Extract the content of Bookmark

Hello Team,
I want to extract the content between Bookmark start and end and Bookmark is in header and footer. It can contain image anything not only text give me some code for the same

To extract the content between a bookmark’s start and end points in a document, including images and other elements, you can use the Aspose.Words library. Below is a code example in C# that demonstrates how to achieve this:

using Aspose.Words;
using Aspose.Words.Bookmarks;
using System.Collections.Generic;

public class BookmarkContentExtractor
{
    public void ExtractContentBetweenBookmarks(string filePath, string bookmarkName)
    {
        // Load the document
        Document doc = new Document(filePath);

        // Get the bookmark by name
        Bookmark bookmark = doc.Range.Bookmarks[bookmarkName];
        if (bookmark != null)
        {
            // Get the start and end nodes of the bookmark
            Node bookmarkStart = bookmark.BookmarkStart;
            Node bookmarkEnd = bookmark.BookmarkEnd;

            // Create a list to hold the extracted nodes
            List<Node> extractedNodes = new List<Node>();

            // Extract content between the bookmark start and end
            Node currentNode = bookmarkStart;
            while (currentNode != null && currentNode != bookmarkEnd)
            {
                extractedNodes.Add(currentNode);
                currentNode = currentNode.NextSibling;
            }
            // Add the end node as well
            extractedNodes.Add(bookmarkEnd);

            // Create a new document to hold the extracted content
            Document extractedDoc = new Document();
            foreach (Node node in extractedNodes)
            {
                // Import each node into the new document
                Node importedNode = extractedDoc.ImportNode(node, true);
                extractedDoc.FirstSection.Body.AppendChild(importedNode);
            }

            // Save the extracted content to a new file
            extractedDoc.Save("ExtractedContent.docx");
        }
        else
        {
            Console.WriteLine("Bookmark not found.");
        }
    }
}

Explanation:

  1. Load the Document: The document is loaded from the specified file path.
  2. Get the Bookmark: The bookmark is retrieved using its name.
  3. Extract Nodes: A loop is used to collect all nodes between the bookmark’s start and end nodes.
  4. Create New Document: A new document is created, and the extracted nodes are imported into it.
  5. Save the Document: Finally, the new document containing the extracted content is saved.

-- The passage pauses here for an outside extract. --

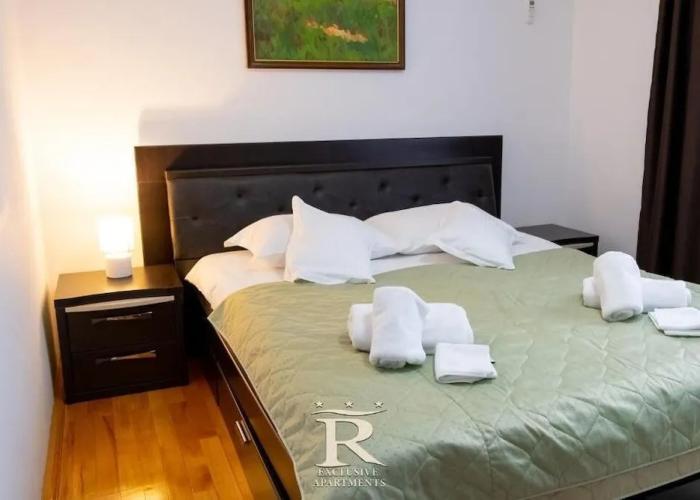 Apartment Family Rivulus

Make sure to replace "ExtractedContent.docx" with your desired output file name. This code will include all content between the specified bookmark, including images and other elements, in the new document.

For more details on working with bookmarks, you can refer to the official documentation here.

@Raghul214 You can extract content from header/footer by copying the header/footer content into the main body of empty document and then extract content from the main body of the temporary document using the approach described here:
https://docs.aspose.com/words/net/how-to-extract-selected-content-between-nodes-in-a-document/

Shall I get the code for same

@Raghul214 Sure, here is a simple code example:

Document doc = new Document(@"C:\Temp\in.docx");
// Get header/footer.
HeaderFooter hf = doc.FirstSection.HeadersFooters[HeaderFooterType.HeaderPrimary];
// Move content of header footer to a temporary document.
Document tmp = (Document)doc.Clone(false);
tmp.EnsureMinimum();
NodeImporter importer = new NodeImporter(doc, tmp, ImportFormatMode.UseDestinationStyles);
foreach (Node n in hf.GetChildNodes(NodeType.Any, false))
    tmp.FirstSection.Body.AppendChild(importer.ImportNode(n, true));

// Get content of the bookmark.
Bookmark bk = tmp.Range.Bookmarks["test"];
List<Node> extractedNodes = ExtractContentHelper.ExtractContent(bk.BookmarkStart, bk.BookmarkEnd, true);
Document extactedDocument = ExtractContentHelper.GenerateDocument(tmp, extractedNodes);

extactedDocument.Save(@"C:\Temp\out.docx");

I am using the same piece of code But in the tmp document the content of header is not copied

@Raghul214 Could you please attach your input document here for testing? We will check it and provide you more information.

GeneratedDocument.docx (179.0 KB)

This is an input document

@Raghul214 The code works fine with your document. Here is the code with specified bookmark name:

Document doc = new Document(@"C:\Temp\in.docx");
// Get header/footer.
HeaderFooter hf = doc.FirstSection.HeadersFooters[HeaderFooterType.HeaderPrimary];
// Move content of header footer to a temporary document.
Document tmp = (Document)doc.Clone(false);
tmp.EnsureMinimum();
NodeImporter importer = new NodeImporter(doc, tmp, ImportFormatMode.UseDestinationStyles);
foreach (Node n in hf.GetChildNodes(NodeType.Any, false))
    tmp.FirstSection.Body.AppendChild(importer.ImportNode(n, true));

// Get content of the bookmark.
Bookmark bk = tmp.Range.Bookmarks["HeaderBM"];
List<Node> extractedNodes = ExtractContentHelper.ExtractContent(bk.BookmarkStart, bk.BookmarkEnd, true);
Document extactedDocument = ExtractContentHelper.GenerateDocument(tmp, extractedNodes);

extactedDocument.Save(@"C:\Temp\out.docx");

GeneratedDocument.docx (179.0 KB)
out.docx (10.3 KB)

Not sure let me check from my end

1 Like